Task data —

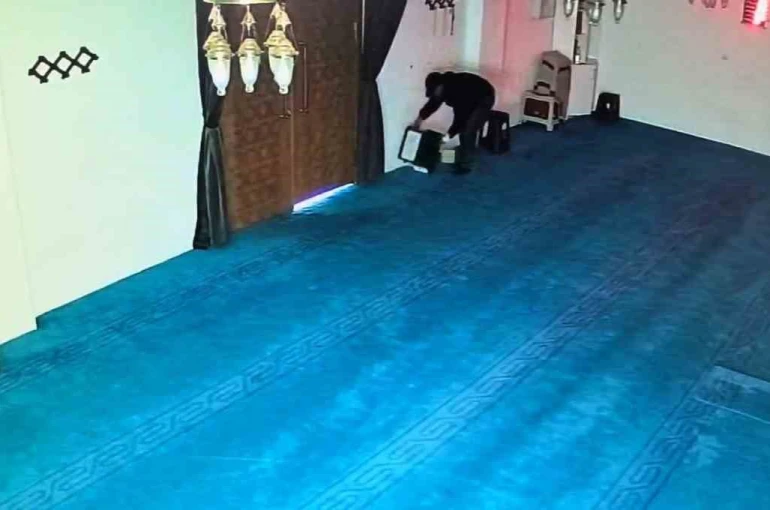 Camiye girdi, kaldırım taşıyla kırdığı yardım kutusundaki 100 bin lirayı çaldı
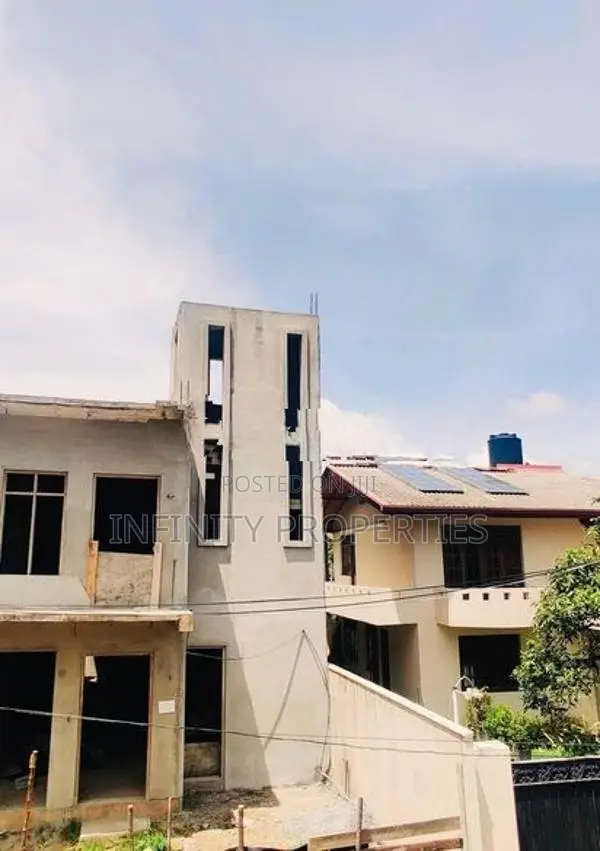 Half Build Newly constructed 11P new 2 story house in Ratmalana for sa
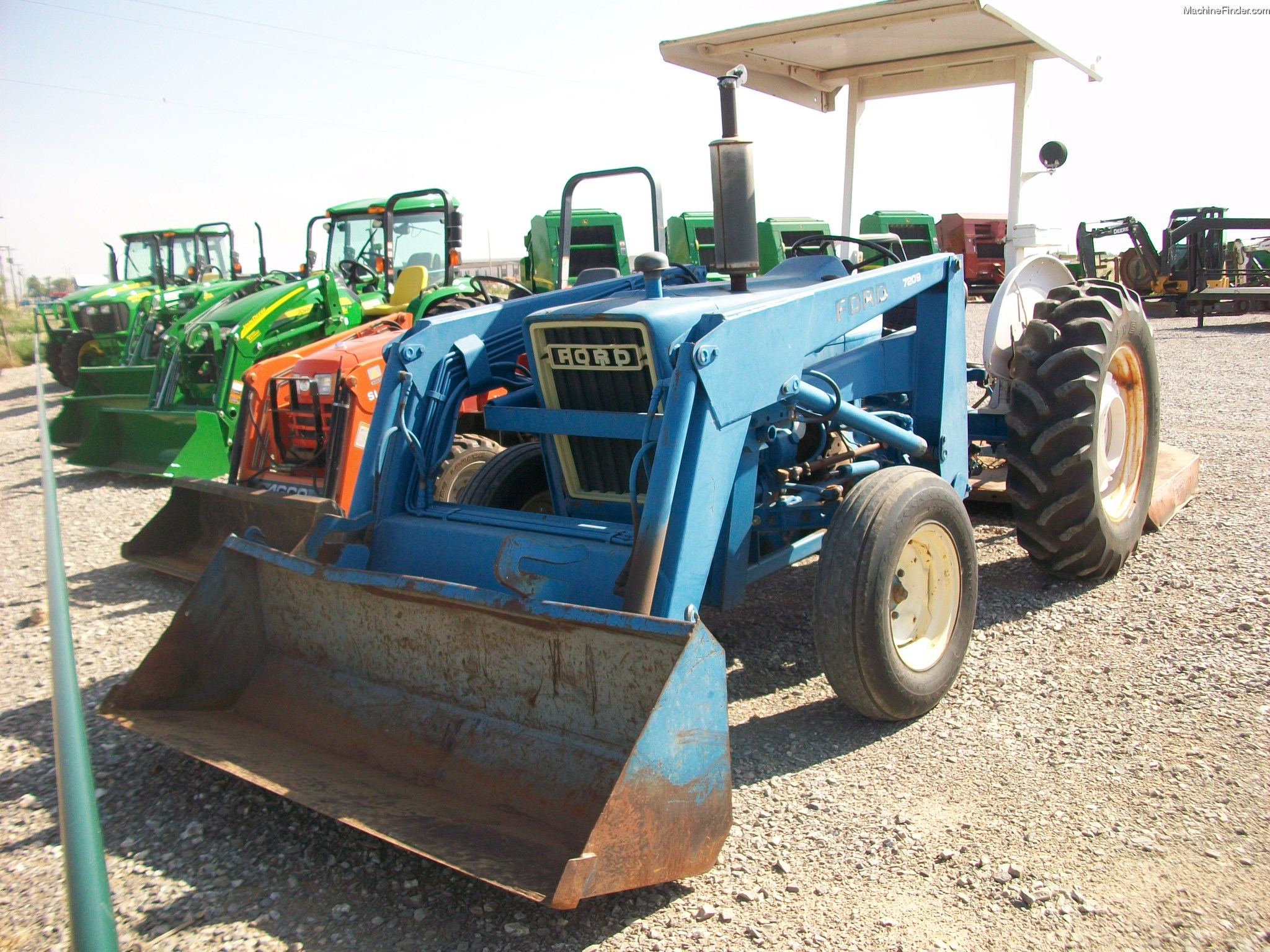 2600 Ford tractor loader #3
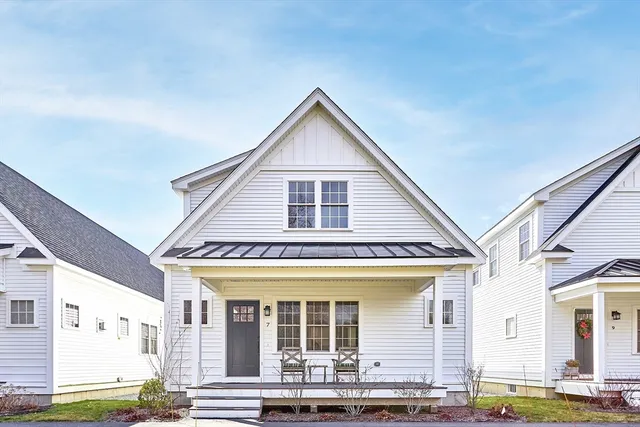 $749,900 | 7 Baldwin Court, Unit 7, Harvard, MA 01451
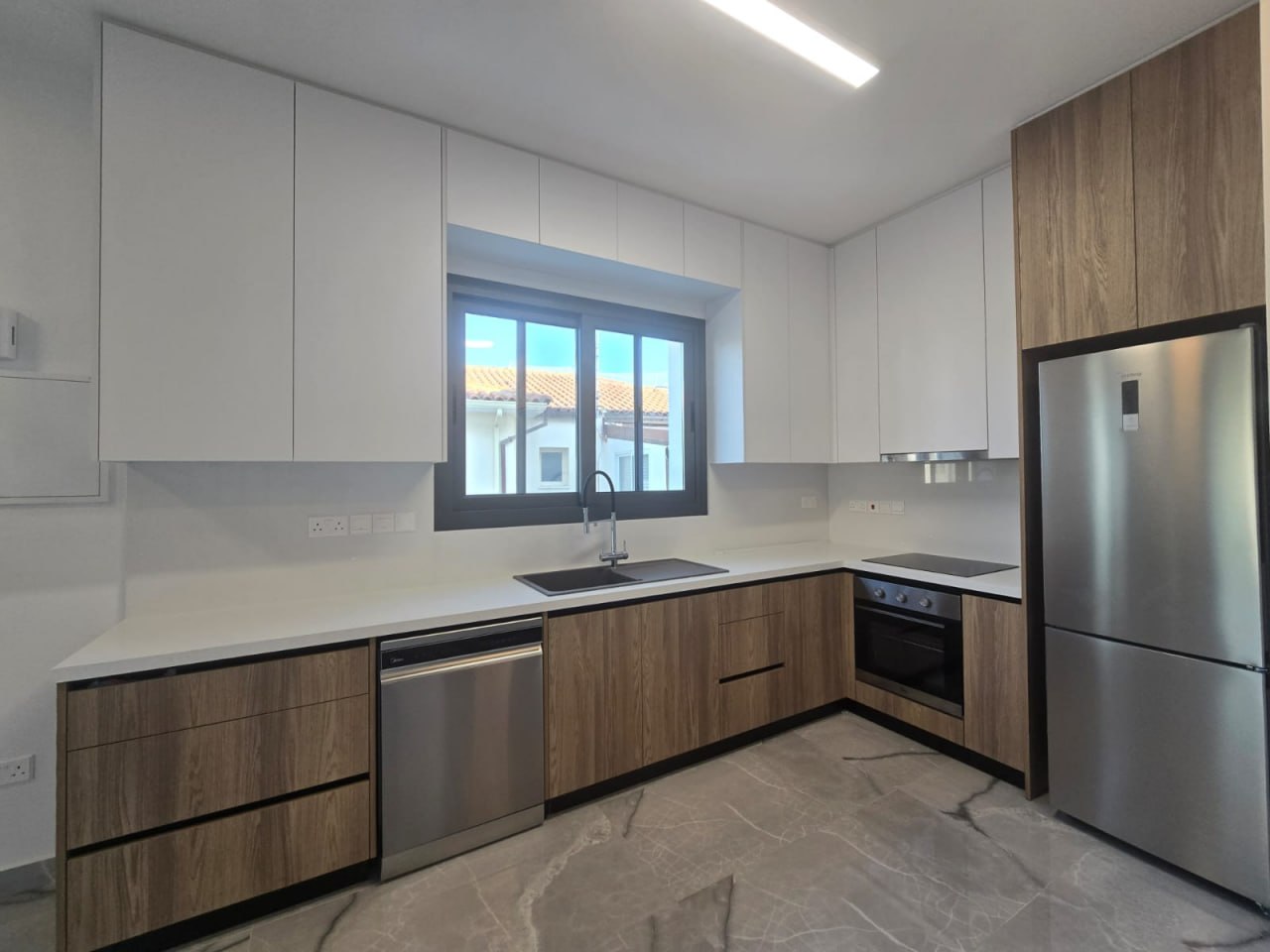 2 Bedroom Apartment for Rent in Kolossi, Limassol District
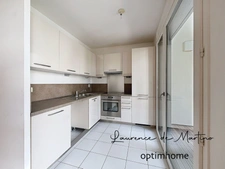 Duplex 3 pièces au 2ᵉ et 3ᵉ étage avec balcon, loggia et parking, proche RER A Nanterre-Ville.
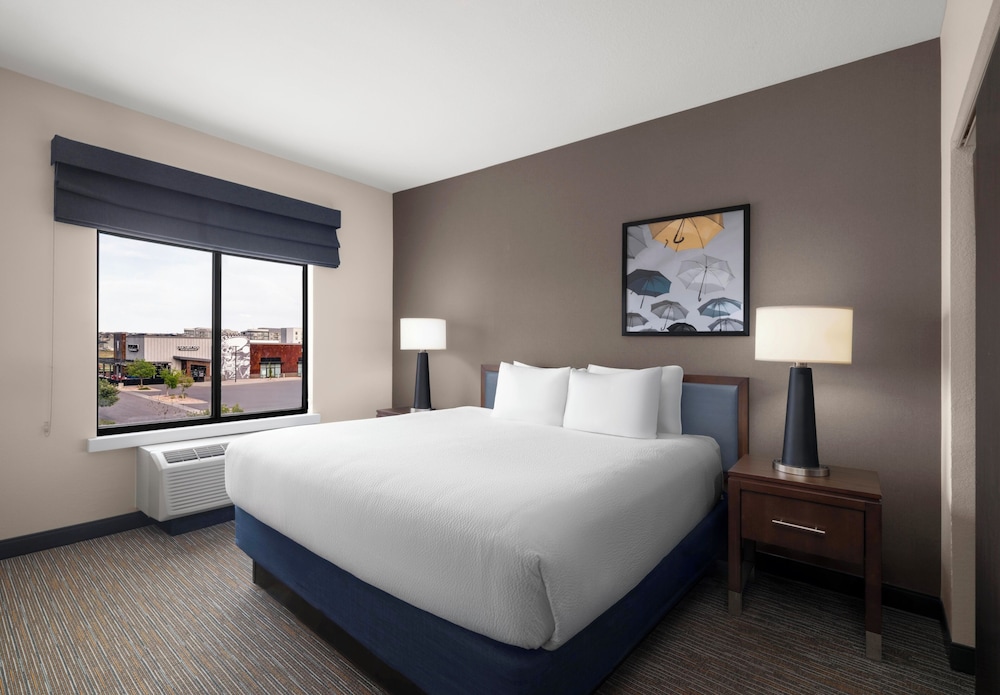 1 Bedroom, Suite, King Bed, Sofa, Accessible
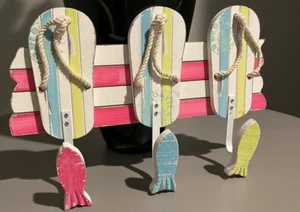Flip-Flops Wall Decor 3 Hooks Wood Rack Nautical Beach Tropical Fish - Picture 1 of 4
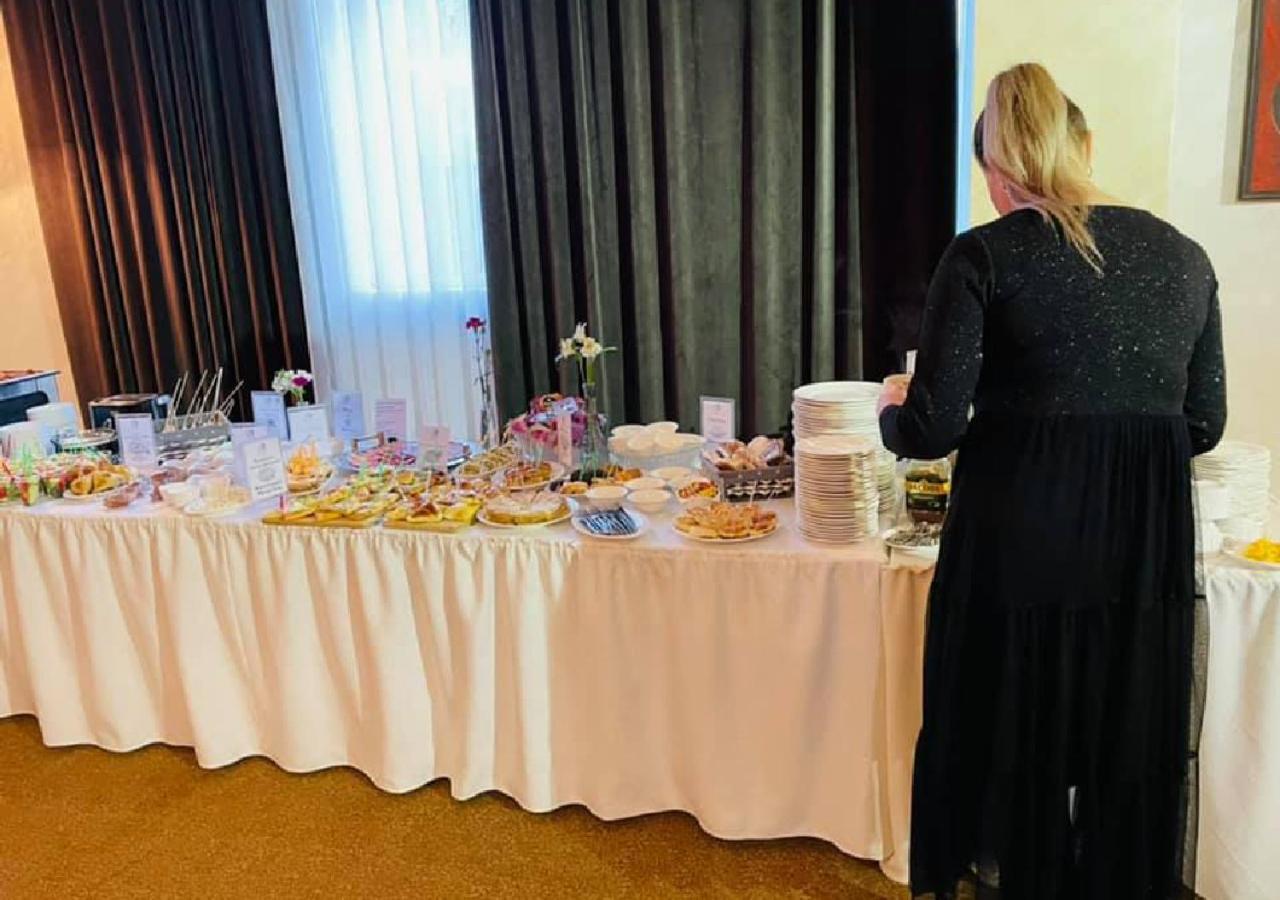 דושאנבה Hotel Shumon מראה חיצוני תמונה
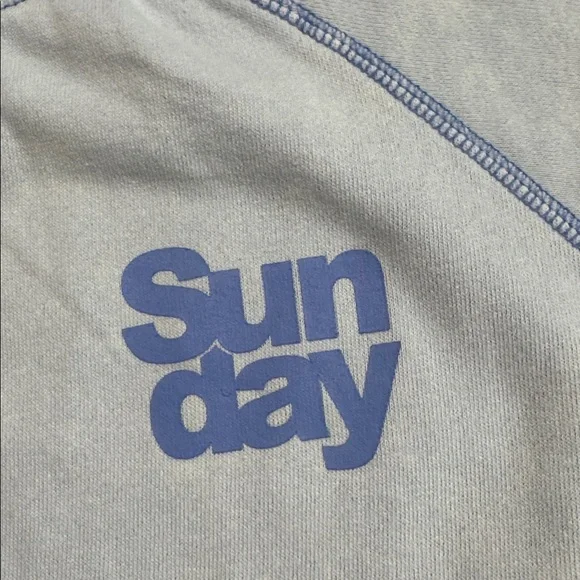 billabong sweatshirt size xl blue with sun day print. excellent condition. - Picture 3 of 7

What is needed — Restate the whole listing above exactly, except for its images.

Answer space —
 Camiye girdi, kaldırım taşıyla kırdığı yardım kutusundaki 100 bin lirayı çaldı
 Half Build Newly constructed 11P new 2 story house in Ratmalana for sa
 2600 Ford tractor loader #3
 $749,900 | 7 Baldwin Court, Unit 7, Harvard, MA 01451
 2 Bedroom Apartment for Rent in Kolossi, Limassol District
 Duplex 3 pièces au 2ᵉ et 3ᵉ étage avec balcon, loggia et parking, proche RER A Nanterre-Ville.
 1 Bedroom, Suite, King Bed, Sofa, Accessible
Flip-Flops Wall Decor 3 Hooks Wood Rack Nautical Beach Tropical Fish - Picture 1 of 4
 דושאנבה Hotel Shumon מראה חיצוני תמונה
 billabong sweatshirt size xl blue with sun day print. excellent condition. - Picture 3 of 7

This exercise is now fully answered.